Solar System and Planetary Science

The NRAO facilities worked in concert with deep space probes and other ground-based facilities to study the physics and chemistry of objects in the Solar System.

Oort-cloud comet C/2014 UN271 (Bernardinelli-Bernstein) was discovered at ~29 AU from the Sun (Lellouch et al. 2022 A&A 659, 1L), developing cometary activity early with a brightness suggesting a large size.  ALMA detected thermal emission when the comet was at 20 AU distance from the Sun, from which a surface-equivalent diameter of 137 km is calculated.  It is thus the largest Oort-cloud object ever found, (almost twice as large as comet C/1995 O1 Hale-Bopp) and has a normal cometary albedo.  Detection of gases is expected in the upcoming years as the comet heads toward a perihelion of 11 AU in 2031.

Figure 3. Solar disk images at 1700Å with the Atmospheric Imaging Assembly, and at 0.85mm with ALMA (Allisandrakis et al. 2022, A and A, 661, L4).

Allisandrakis et al. (2022, A & A, 661, L4) present the first full-disk Solar images (Figure 3) obtained with ALMA, using Band 7 (0.86 mm; 347 GHz). The results show a disk practically devoid of active regions at their 21" resolution. Solar structures on the disk are similar to those in Atmospheric Imaging Assembly images at 1600 Å and 304 Å; they are also similar to negative Hα images of equivalent resolution. Small plage regions are about 900K brighter than their surroundings, while the polar coronal holes and small Ha filaments are not detectable. The authors deduced a brightness temperature at the center of the disk of 6085 K at 0.85mm, rather than the 5500 K extrapolated from images at 3mm and 1.3mm, an indication that at 0.85mm we are approaching the temperature minimum.
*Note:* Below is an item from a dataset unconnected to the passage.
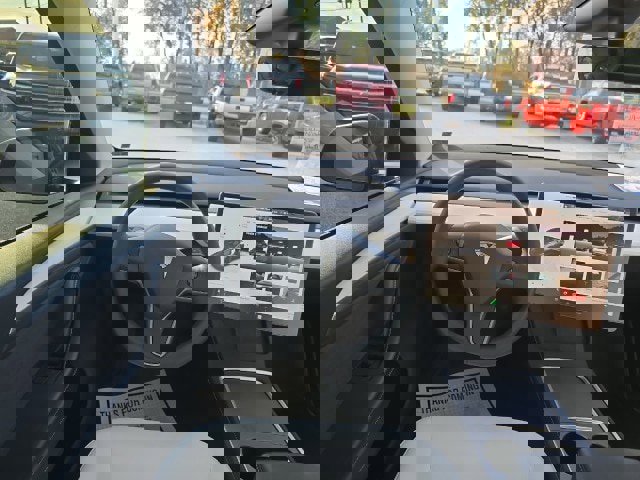 Used 2024 Tesla Model Y Long Range image 19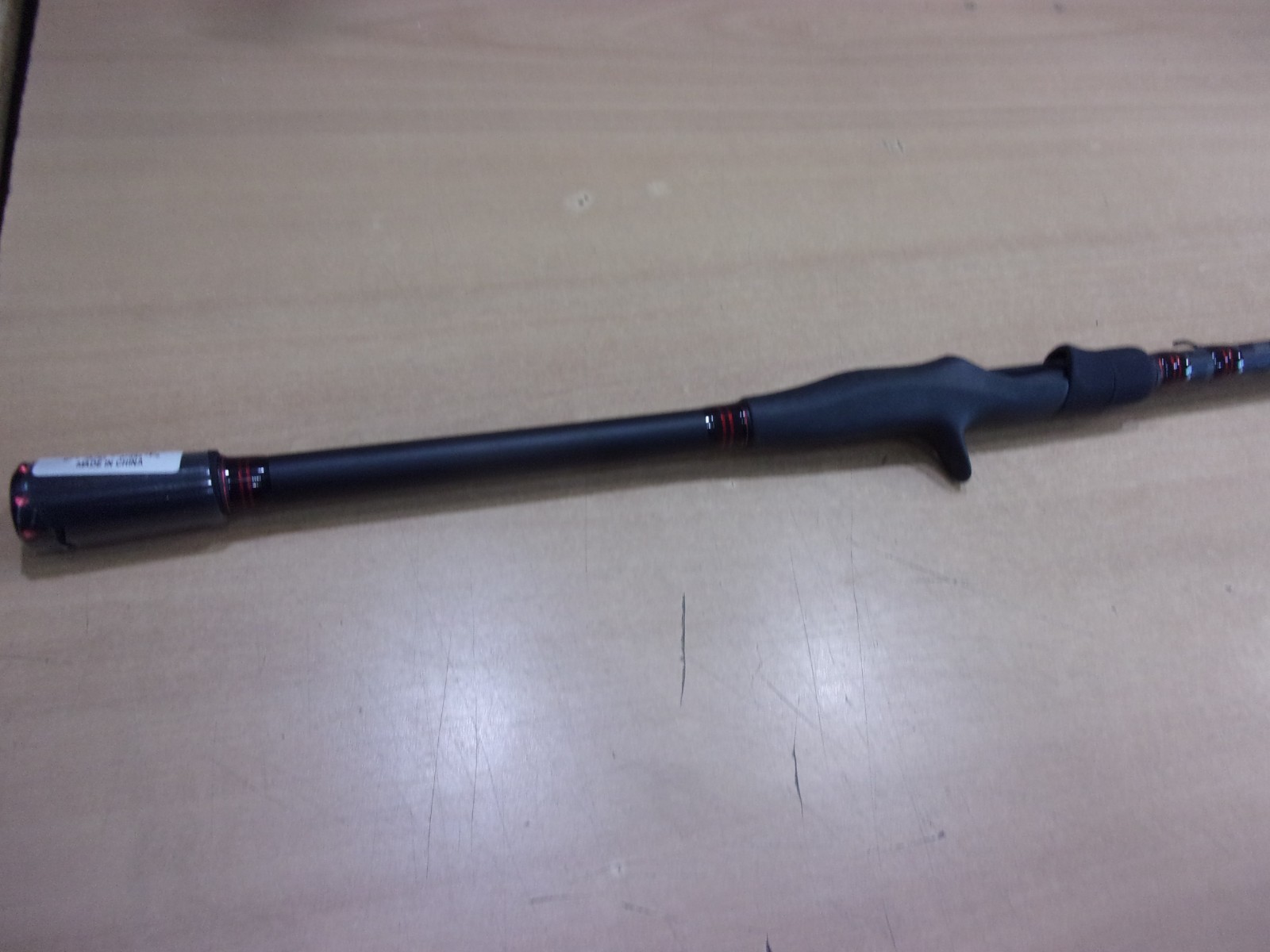 ABU GARCIA VENDETTA II 7 foot 6 inch Heavy SPINNING ROD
With the ever-increasing number of known exoplanets, many in the habitable zone, understanding the effects of stellar activity (exospace weather), on the potential development of life has become paramount. ALMA, working in concert with a multi-wavelength arsenal of space and ground-based telescopes, has measured the faintest flare to date on the nearby (1.2pc distance) M dwarf star, Proxima Centauri, which hosts a planet in the habitable zone (Howard et al. 2022). The X-ray flare is well within the luminosity range of typical flares on the Sun, while the millimeter emission is two orders of magnitude stronger than typical Solar flares. The findings provide more evidence that millimeter emission is a common feature in weak exo-stellar flares, rising and falling in timescales of seconds. The implied temperature for the corona is 1.1x10⁷ K.